Décadas de guardado de ropa limpia avalan mi técnica: lo grande primero, para no agobiarse, luego las bombachas y calzones -estirar y doblar- y, por último, el ritual de apareamiento de las medias. A pesar de toda precaución, es usual que a veces falte alguna, cosa que me descoloca. O lo hacía, hasta que ocurrió la anomalía.
Fue un viernes, hará dos años atrás. Tenía ya formadas cinco pelotitas de algodón, cuando me percaté de una rareza. Sobre el acolchado, una del derecho, otra del revés, otra hecha un bollo, había tres medias rosadas con corazones blancos. Las preferidas de mi hija. Me sentí mareada.
De pequeña, calculo que entre los ocho y los diez años, tuve una pesadilla recurrente. Despertaba en plena mañana y me desayunaba con que tenía dos objetos en lugar de uno. Muchos sueños se tornan ridículos a la luz de la coherencia, pero el concepto intrínsecamente maligno de que algo se duplique, aún me inspira aprensión. Podía ser la silla del escritorio o el libro de fotos de caballos. Pero el más frecuente era, por lejos, mi gato Félix; un peluche rosado y cabezón que habíamos comprando en una feria en Mar del Plata. Los Doppelgängers felinos me observaban con ojos de lana negra, cabeza contra cabeza, desde lo alto de la estantería laqueada. Sabía que me culpaban por desterrarlos de mi cama.

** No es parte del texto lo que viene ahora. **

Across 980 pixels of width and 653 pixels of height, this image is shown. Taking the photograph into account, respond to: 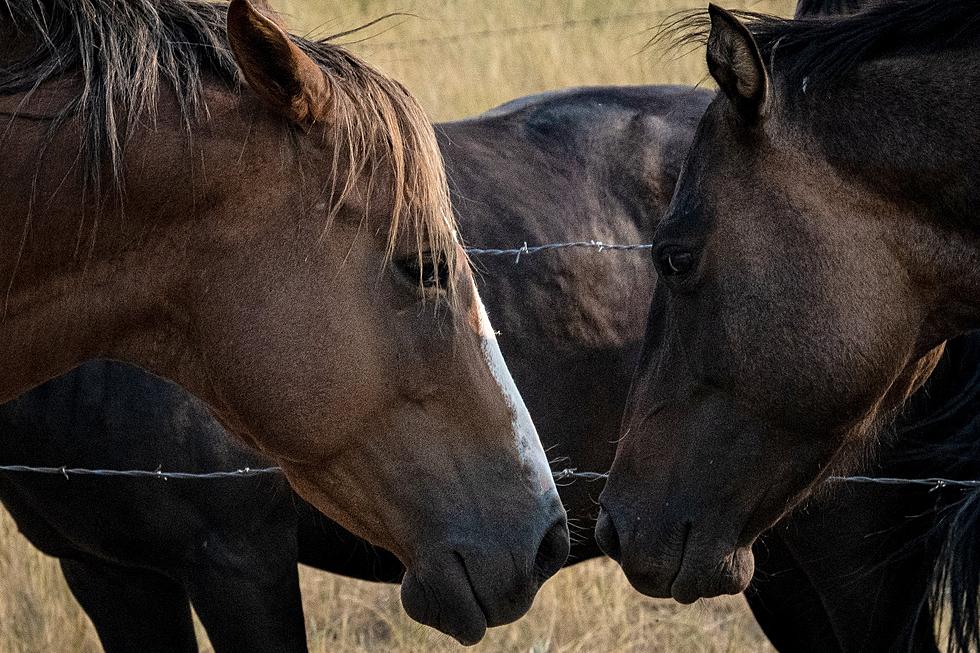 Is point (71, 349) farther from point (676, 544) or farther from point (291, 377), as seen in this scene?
point (676, 544)

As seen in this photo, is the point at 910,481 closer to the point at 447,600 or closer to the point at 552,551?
the point at 552,551

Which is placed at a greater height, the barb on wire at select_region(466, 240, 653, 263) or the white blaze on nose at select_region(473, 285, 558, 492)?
the white blaze on nose at select_region(473, 285, 558, 492)

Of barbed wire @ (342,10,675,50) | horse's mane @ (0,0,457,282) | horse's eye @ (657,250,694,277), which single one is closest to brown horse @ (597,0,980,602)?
horse's eye @ (657,250,694,277)

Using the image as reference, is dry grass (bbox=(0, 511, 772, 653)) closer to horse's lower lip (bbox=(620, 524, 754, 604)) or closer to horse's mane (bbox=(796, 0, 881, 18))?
horse's lower lip (bbox=(620, 524, 754, 604))

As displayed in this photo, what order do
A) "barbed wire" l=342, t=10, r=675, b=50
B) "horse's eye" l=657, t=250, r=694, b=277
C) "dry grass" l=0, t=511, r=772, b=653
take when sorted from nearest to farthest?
"horse's eye" l=657, t=250, r=694, b=277, "dry grass" l=0, t=511, r=772, b=653, "barbed wire" l=342, t=10, r=675, b=50

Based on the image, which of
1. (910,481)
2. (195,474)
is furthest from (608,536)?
(195,474)

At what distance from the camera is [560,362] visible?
3322 millimetres

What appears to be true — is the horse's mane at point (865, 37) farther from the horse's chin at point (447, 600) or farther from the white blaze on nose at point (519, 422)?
the horse's chin at point (447, 600)

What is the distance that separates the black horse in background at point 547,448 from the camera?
2.96 m

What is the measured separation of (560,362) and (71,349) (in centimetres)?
160

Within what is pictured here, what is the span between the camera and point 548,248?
335cm

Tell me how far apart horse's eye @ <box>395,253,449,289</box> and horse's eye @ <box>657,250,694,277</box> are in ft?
1.59

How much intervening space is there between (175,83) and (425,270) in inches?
20.9

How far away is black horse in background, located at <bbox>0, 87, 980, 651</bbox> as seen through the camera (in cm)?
296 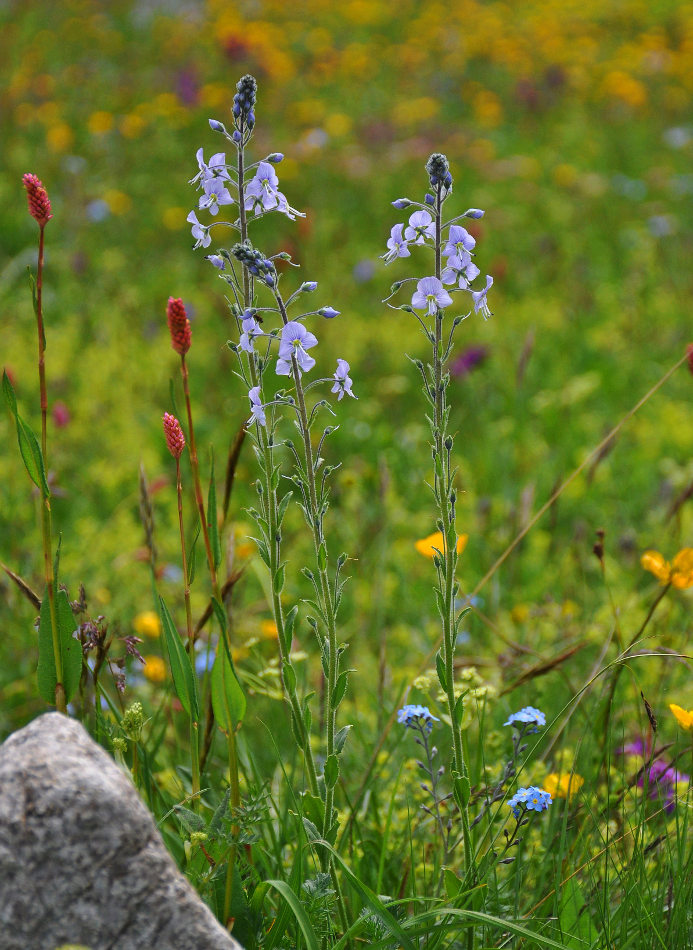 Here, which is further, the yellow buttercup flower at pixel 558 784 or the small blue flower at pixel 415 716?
the yellow buttercup flower at pixel 558 784

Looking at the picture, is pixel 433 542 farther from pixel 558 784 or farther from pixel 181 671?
pixel 181 671

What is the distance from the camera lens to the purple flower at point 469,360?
4504mm

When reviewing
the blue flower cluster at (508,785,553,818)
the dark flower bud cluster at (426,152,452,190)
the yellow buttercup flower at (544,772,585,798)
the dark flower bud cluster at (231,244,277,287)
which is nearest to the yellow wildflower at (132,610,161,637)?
the yellow buttercup flower at (544,772,585,798)

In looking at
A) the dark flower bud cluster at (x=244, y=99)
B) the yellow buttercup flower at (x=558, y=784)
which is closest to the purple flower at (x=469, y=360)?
the yellow buttercup flower at (x=558, y=784)

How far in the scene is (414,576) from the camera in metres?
3.47

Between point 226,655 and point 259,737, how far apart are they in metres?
1.06

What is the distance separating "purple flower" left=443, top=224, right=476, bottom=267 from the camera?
1.41m

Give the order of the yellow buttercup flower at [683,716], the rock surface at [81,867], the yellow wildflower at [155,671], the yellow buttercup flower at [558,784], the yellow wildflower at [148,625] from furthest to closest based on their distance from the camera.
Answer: the yellow wildflower at [148,625]
the yellow wildflower at [155,671]
the yellow buttercup flower at [558,784]
the yellow buttercup flower at [683,716]
the rock surface at [81,867]

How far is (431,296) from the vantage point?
1.39 meters

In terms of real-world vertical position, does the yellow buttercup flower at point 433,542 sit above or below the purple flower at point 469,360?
below

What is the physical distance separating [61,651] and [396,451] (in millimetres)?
2541

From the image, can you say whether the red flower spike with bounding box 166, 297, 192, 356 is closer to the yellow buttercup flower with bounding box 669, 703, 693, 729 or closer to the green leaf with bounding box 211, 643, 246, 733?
the green leaf with bounding box 211, 643, 246, 733

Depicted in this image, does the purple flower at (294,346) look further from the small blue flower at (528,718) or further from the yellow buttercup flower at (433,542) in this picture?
the small blue flower at (528,718)

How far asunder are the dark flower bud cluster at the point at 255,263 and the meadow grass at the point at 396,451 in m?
0.30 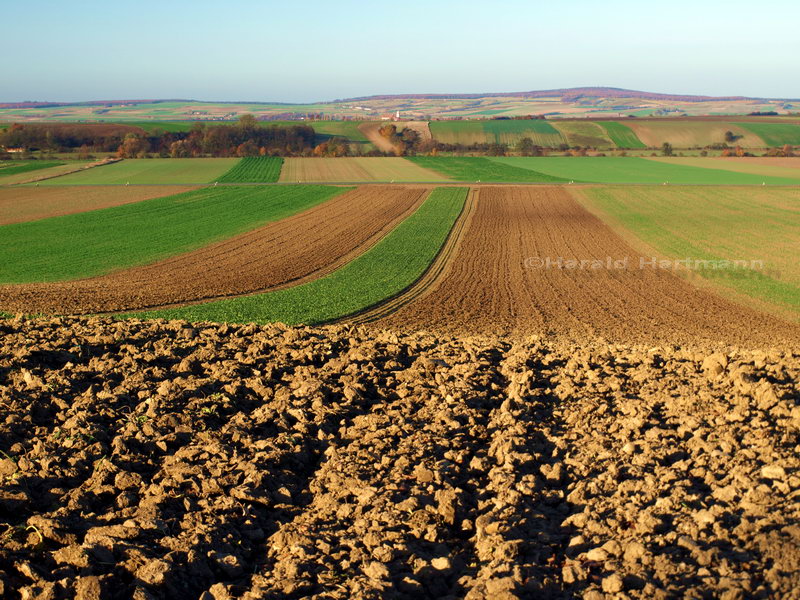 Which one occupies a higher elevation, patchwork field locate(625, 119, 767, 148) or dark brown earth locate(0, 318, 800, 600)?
patchwork field locate(625, 119, 767, 148)

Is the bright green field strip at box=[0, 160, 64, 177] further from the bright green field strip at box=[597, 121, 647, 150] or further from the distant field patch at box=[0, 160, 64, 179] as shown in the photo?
the bright green field strip at box=[597, 121, 647, 150]

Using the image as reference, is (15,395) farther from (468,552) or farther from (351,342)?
(468,552)

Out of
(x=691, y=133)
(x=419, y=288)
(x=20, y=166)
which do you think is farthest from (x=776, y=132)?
(x=20, y=166)

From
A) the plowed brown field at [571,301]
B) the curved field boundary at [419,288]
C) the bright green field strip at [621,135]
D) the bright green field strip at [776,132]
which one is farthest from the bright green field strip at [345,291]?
the bright green field strip at [776,132]

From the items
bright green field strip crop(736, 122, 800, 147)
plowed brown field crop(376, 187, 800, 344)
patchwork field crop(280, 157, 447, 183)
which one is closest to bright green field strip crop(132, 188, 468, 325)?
plowed brown field crop(376, 187, 800, 344)

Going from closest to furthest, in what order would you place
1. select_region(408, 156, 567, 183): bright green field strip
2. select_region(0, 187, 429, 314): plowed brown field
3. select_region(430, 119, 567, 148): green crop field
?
select_region(0, 187, 429, 314): plowed brown field < select_region(408, 156, 567, 183): bright green field strip < select_region(430, 119, 567, 148): green crop field

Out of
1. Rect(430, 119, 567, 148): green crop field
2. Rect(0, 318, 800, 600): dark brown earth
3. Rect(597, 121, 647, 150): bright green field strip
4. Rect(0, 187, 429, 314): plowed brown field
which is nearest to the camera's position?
Rect(0, 318, 800, 600): dark brown earth

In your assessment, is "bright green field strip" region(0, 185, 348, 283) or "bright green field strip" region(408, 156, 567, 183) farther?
"bright green field strip" region(408, 156, 567, 183)

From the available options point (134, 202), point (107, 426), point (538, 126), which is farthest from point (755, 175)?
point (107, 426) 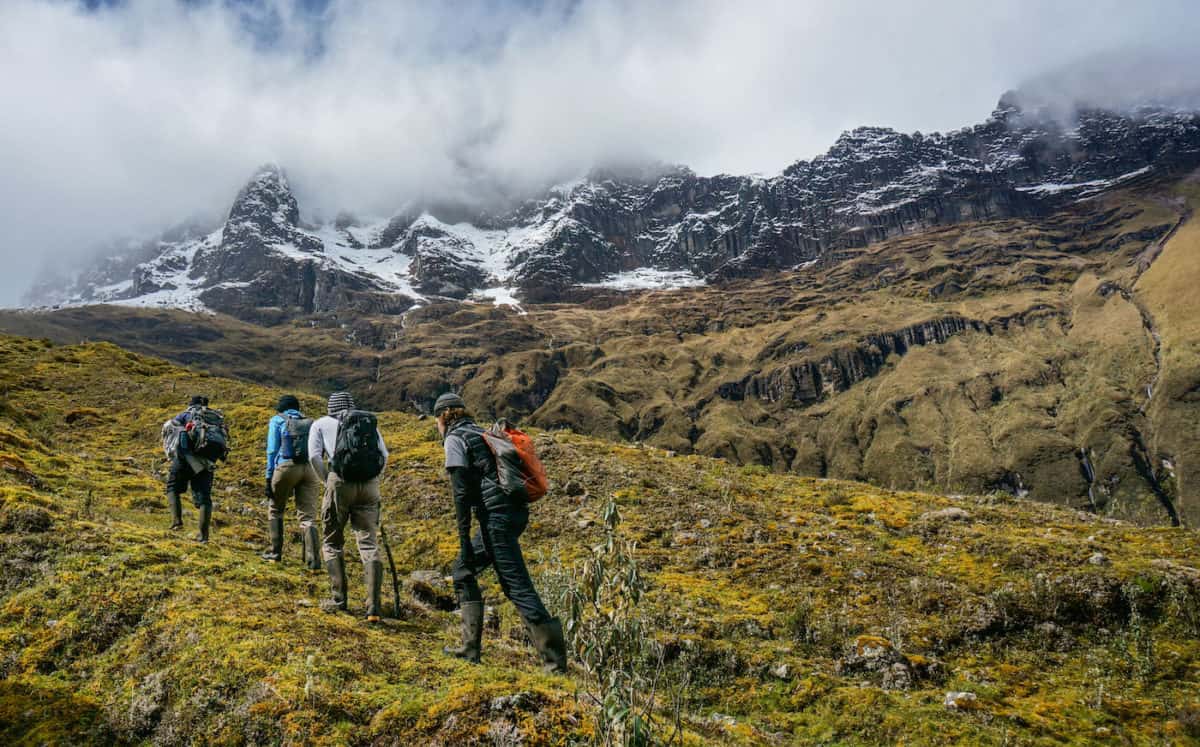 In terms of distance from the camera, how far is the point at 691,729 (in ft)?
17.8

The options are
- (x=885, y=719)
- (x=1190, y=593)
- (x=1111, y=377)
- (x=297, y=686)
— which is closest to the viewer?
(x=297, y=686)

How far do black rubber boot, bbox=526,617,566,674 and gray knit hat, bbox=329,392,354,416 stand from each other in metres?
4.19

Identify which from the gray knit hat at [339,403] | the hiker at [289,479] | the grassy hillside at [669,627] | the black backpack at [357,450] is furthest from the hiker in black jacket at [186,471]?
the black backpack at [357,450]

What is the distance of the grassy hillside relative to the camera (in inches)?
185

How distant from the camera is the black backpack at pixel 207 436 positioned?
10.5m

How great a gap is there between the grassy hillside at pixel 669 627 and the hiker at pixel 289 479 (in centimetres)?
44

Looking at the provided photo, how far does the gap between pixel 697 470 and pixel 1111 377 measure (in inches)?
8656

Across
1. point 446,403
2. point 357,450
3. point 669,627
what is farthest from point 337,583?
point 669,627

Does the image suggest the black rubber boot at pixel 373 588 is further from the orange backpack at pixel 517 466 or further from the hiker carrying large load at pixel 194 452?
the hiker carrying large load at pixel 194 452

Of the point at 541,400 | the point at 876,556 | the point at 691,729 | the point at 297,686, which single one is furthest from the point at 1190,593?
the point at 541,400

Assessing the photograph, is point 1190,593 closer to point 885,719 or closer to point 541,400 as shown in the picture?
point 885,719

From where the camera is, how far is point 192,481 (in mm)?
10320

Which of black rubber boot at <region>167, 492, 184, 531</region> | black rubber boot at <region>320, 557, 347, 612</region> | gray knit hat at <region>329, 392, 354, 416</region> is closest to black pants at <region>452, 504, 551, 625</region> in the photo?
black rubber boot at <region>320, 557, 347, 612</region>

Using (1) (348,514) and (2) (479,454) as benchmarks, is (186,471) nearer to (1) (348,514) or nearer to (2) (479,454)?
(1) (348,514) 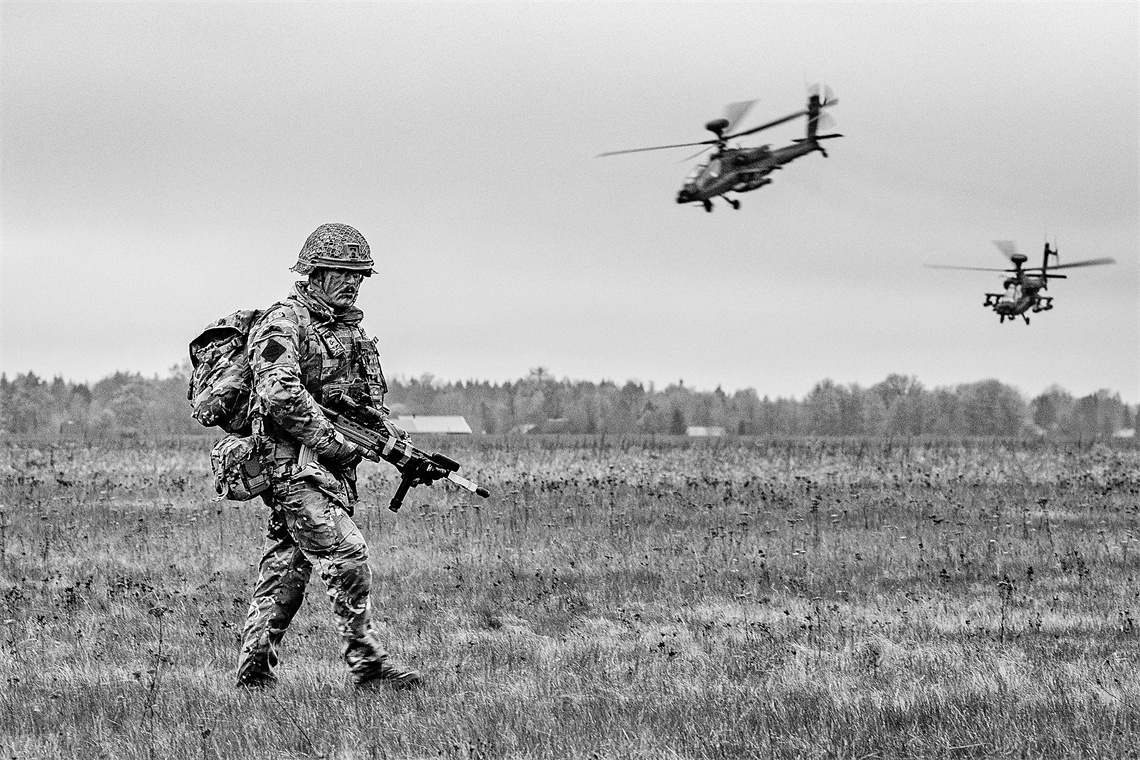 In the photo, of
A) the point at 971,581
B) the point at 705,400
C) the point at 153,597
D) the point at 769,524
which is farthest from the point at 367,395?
the point at 705,400

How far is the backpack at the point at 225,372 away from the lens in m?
6.77

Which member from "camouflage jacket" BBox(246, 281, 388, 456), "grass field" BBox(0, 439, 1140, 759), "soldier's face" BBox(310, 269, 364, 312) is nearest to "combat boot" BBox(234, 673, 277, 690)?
"grass field" BBox(0, 439, 1140, 759)

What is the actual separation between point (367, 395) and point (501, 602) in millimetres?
3015

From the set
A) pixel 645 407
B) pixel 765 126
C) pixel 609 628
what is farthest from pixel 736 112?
pixel 645 407

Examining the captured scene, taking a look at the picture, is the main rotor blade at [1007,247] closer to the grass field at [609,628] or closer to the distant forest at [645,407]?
the grass field at [609,628]

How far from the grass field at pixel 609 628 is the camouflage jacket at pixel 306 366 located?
1.41m

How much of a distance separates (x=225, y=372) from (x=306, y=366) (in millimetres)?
425

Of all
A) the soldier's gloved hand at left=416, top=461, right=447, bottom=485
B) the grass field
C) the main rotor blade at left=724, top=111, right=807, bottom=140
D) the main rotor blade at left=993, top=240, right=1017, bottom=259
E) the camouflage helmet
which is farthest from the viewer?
the main rotor blade at left=993, top=240, right=1017, bottom=259

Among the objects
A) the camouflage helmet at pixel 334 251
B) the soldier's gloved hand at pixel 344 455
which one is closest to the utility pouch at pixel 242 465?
the soldier's gloved hand at pixel 344 455

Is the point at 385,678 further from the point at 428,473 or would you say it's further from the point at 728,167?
the point at 728,167

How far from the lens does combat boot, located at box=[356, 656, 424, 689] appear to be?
6789mm

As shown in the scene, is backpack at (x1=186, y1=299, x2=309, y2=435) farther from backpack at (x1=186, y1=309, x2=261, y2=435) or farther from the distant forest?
the distant forest

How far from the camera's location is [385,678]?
6.81 metres

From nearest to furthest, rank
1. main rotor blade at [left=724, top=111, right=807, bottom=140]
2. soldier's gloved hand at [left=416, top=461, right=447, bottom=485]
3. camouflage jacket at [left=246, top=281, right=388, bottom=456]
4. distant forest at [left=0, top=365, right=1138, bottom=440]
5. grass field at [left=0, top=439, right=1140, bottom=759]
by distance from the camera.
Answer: grass field at [left=0, top=439, right=1140, bottom=759]
camouflage jacket at [left=246, top=281, right=388, bottom=456]
soldier's gloved hand at [left=416, top=461, right=447, bottom=485]
main rotor blade at [left=724, top=111, right=807, bottom=140]
distant forest at [left=0, top=365, right=1138, bottom=440] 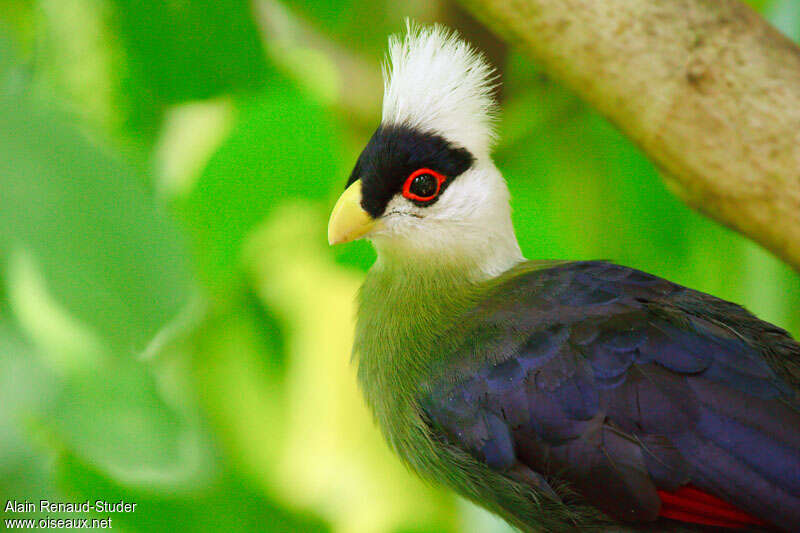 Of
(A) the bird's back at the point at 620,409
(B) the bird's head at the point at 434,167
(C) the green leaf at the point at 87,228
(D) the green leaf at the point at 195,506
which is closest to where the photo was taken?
(C) the green leaf at the point at 87,228

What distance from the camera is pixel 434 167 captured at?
3.88 feet

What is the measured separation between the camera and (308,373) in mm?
1393

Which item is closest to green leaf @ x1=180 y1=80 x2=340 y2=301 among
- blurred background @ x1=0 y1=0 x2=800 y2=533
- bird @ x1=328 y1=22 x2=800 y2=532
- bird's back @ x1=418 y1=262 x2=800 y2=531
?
blurred background @ x1=0 y1=0 x2=800 y2=533

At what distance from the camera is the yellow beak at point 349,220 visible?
1.09 meters

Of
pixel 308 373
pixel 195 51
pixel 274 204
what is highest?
pixel 195 51

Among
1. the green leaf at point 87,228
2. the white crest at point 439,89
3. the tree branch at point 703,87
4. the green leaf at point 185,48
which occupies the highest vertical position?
the tree branch at point 703,87

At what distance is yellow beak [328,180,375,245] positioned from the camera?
1.09 metres

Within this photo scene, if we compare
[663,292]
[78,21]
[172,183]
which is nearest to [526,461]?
[663,292]

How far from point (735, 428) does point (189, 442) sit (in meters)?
0.66

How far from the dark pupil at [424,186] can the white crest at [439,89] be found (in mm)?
76

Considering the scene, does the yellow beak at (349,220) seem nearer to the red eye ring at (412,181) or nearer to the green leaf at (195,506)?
the red eye ring at (412,181)

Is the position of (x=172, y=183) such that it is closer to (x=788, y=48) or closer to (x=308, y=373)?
(x=308, y=373)

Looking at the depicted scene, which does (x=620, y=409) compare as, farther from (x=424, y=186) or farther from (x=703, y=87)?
(x=703, y=87)

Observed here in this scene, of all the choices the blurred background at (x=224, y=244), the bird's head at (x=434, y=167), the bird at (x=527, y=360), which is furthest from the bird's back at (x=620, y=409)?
the blurred background at (x=224, y=244)
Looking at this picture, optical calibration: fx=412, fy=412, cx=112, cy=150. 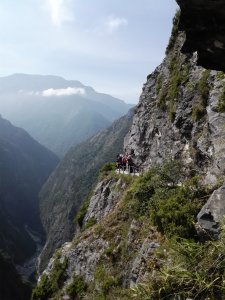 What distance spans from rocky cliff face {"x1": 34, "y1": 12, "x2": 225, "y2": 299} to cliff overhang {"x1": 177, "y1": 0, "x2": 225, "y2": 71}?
4.49m

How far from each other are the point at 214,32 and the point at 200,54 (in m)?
1.09

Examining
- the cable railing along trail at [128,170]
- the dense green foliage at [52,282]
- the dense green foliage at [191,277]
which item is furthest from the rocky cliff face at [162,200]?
the cable railing along trail at [128,170]

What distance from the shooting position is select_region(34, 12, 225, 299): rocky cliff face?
15.4 metres

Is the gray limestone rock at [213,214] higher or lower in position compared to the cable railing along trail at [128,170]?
higher

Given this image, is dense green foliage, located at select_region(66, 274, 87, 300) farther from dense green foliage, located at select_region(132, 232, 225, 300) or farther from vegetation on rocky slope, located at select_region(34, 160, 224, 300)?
dense green foliage, located at select_region(132, 232, 225, 300)

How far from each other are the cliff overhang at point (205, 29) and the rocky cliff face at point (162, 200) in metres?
4.49

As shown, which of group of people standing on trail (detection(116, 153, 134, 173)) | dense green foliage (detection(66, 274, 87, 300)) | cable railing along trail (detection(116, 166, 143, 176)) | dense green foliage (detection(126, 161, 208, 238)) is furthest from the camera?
group of people standing on trail (detection(116, 153, 134, 173))

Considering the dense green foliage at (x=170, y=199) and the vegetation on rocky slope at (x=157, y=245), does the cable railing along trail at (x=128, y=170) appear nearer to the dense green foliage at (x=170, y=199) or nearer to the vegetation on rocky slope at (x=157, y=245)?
the vegetation on rocky slope at (x=157, y=245)

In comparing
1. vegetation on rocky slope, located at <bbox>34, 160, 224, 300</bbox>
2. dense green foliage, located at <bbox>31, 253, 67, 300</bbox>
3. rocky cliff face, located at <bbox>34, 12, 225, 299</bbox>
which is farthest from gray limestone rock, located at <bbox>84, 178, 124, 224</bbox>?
dense green foliage, located at <bbox>31, 253, 67, 300</bbox>

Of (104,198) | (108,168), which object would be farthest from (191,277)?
(108,168)

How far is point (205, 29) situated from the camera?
11398 mm

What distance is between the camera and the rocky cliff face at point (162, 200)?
1540 centimetres

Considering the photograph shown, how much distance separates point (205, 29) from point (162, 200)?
1059 centimetres

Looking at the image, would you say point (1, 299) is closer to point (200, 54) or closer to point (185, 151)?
point (185, 151) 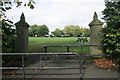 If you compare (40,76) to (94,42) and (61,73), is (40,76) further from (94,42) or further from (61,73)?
(94,42)

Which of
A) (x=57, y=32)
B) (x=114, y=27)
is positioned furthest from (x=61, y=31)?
(x=114, y=27)

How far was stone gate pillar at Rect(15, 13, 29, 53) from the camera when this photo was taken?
14273 millimetres

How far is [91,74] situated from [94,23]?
547 centimetres

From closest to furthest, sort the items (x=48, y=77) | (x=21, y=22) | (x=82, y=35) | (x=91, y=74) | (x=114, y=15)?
1. (x=48, y=77)
2. (x=91, y=74)
3. (x=114, y=15)
4. (x=21, y=22)
5. (x=82, y=35)

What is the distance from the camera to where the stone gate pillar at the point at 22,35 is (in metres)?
14.3

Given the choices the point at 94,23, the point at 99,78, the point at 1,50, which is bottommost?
the point at 99,78

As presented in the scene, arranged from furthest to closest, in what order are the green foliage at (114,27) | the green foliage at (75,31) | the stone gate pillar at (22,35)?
1. the green foliage at (75,31)
2. the stone gate pillar at (22,35)
3. the green foliage at (114,27)

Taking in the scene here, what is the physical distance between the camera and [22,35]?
14.5 m

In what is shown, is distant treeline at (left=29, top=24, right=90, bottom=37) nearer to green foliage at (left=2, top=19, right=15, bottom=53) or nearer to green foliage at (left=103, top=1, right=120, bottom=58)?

Volviendo al presente yo juro, como que tengo dos ojos y dos orejas, que mi nena sólo tiene un par de esas medias (si habré evitado berrinches lavándolas a mano, secándolas con prisa en el radiador para que las sacara a pasear sábado y domingo). ¿Qué podía hacer con la intrusa? De saber cuál era, la habría incinerado. Pero había una agujereada y dos percudidas a la altura del talón. Unirlas en una gran bola se me antojó perverso, así que tomé dos al azar y escondí la tercera en mi propio cajón de medias, bajo vigilancia. Esa noche soñé que tenía tres celulares rosados.
Al día siguiente, frente al espejo mañanero, noté que el cepillo de dientes del reflejo no estaba, aunque sí el de mi mano. Sufro de una condición neurológica que causa puntos ciegos en la visión, pero éstos suelen acompañar el movimiento de los ojos, como moscas flotantes. En esta ocasión, la mancha parecía ensañada con mi utensilio dental. Anticipando una migraña, hice un buche apresurado y salí en busca de ibuprofeno. El asunto quedó zanjado hasta después del almuerzo, cuando regresé al baño.
Encontré el cepillo a un lado de la pileta, tal y como lo había dejado. Otro, idéntico a éste e igual de húmedo, esperaba pacientemente su turno en el vaso, junto al anaranjado de mi marido. El pánico me coaguló la sangre y tiñó todo de negro. Antes de caer al suelo, busqué consuelo en mi reflejo, pero no lo ví. Mi propia imagen me había abandonado.
Me despertaron unos pasos. Una mujer idéntica a mí me bordeaba con cautela, esquivando el cabello derramado. Prorrogué el desmayo hasta sentirla salir por la derecha, hacia el dormitorio. Con un golpe afelpado anunció su regreso. «El cierre de un cajón a tope» recuerdo haber pensado. Volví a entornar los ojos. Cómplice de su curiosidad, me dejé observar. Luego, como quien sube un escalón muy alto, tomó impulso y se adentró en el espejo.
Volvió a latir mi corazón, irrigando sudor y valentía. Me reconcilié con el rostro pálido, los cabellos revueltos.
Vamos, que nos hemos visto peor.
El cepillo se erigía en el vaso como quien se sabe único en el mundo. No necesité rebuscar en el cajón para confirmar que la media extra también había desaparecido.
Desde entonces, no permito que nadie haga la colada, a excepción de mi persona. Es demasiado arriesgado. Cada tanto, desaparece una media.
Ahora que conozco la alternativa, prefiero vivir con eso.